Maladies chroniques et souffrances de l’enfance sont-elles liées ?

Troubles alimentaires, diabète, addictions, hypertension… De nombreuses maladies pourraient être directement déclenchées par des événements traumatiques survenus durant l’enfance, selon plusieurs études reprises par The Conversation.

En 1993, à San Diego, le responsable du département de médecine préventive au sein de la clinique Kaiser Permanente, Vincent Felitti, s’aperçoit pour sa part au cours d’une étude, que chez ses patients présentant des troubles alimentaires, nombreux sont ceux ayant subi des expériences traumatisantes pendant l’enfance. Cette observation donne lieu à de nombreuses autres études.

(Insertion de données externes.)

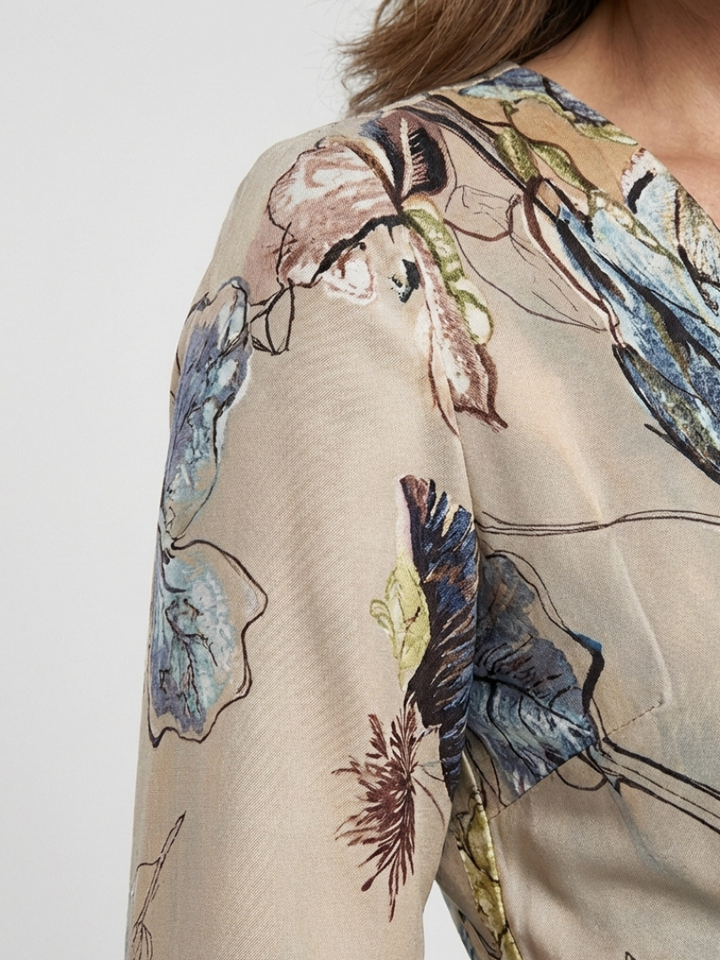 Armelle | Robe maxi portefeuille avec imprimé floral et manches trois-quarts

Dont une large analyse aux Etats-Unis, reprenant les informations de 17 000 personnes, entre 1900 et 1978 sur le continent américain. L’objectif est de voir si les « adverse childhood experiences » (ACE) , les événements traumatiques et violents de l’enfance, peuvent avoir un impact, à long terme, sur la santé physique et mentale des patients.

Parmi ces violences, on trouve diverses catégories : avoir un parent qui a fait de la prison, avoir vu de la drogue consommée dans le foyer, avoir un parent alcoolique, avoir subi des atteintes sexuelles… En fonction du type de violence subie, du nombre aussi, les chercheurs établissent un score de 0 à 7, permettant de souligner que plus les sujets ont subi de troubles de l’enfance, et plus ils développent de problèmes de santé dans leur vie adulte. Il s’agit de dépressions, de tabagisme, d’alcoolisme, de toxicomanie, d’obésité, de MST… Soit un spectre très large.

De nombreuses études à travers le monde arrivent à la même conclusion

D’autres observations partout dans le monde relient d’autres maladies : en Finlande, on pointe le doigt sur le diabète et l’hypertension, au Canada, c’est l’IMC et les problèmes de rythmes cardiaques qui sont reliés aux soucis de l’enfance.

Pour résumer, ce que disent toutes ces études est que présenter des troubles (qu’ils soient sexuels, alimentaires, psychiques…) ne vient jamais de nulle part. Et que la petite enfance en est très souvent la cause. Cette synthèse d’observations entre en écho avec les récents mouvements de prises de parole autour de l’inceste et insiste sur la nécessité de détecter le plus tôt possible les violences auxquelles peuvent faire face les enfants.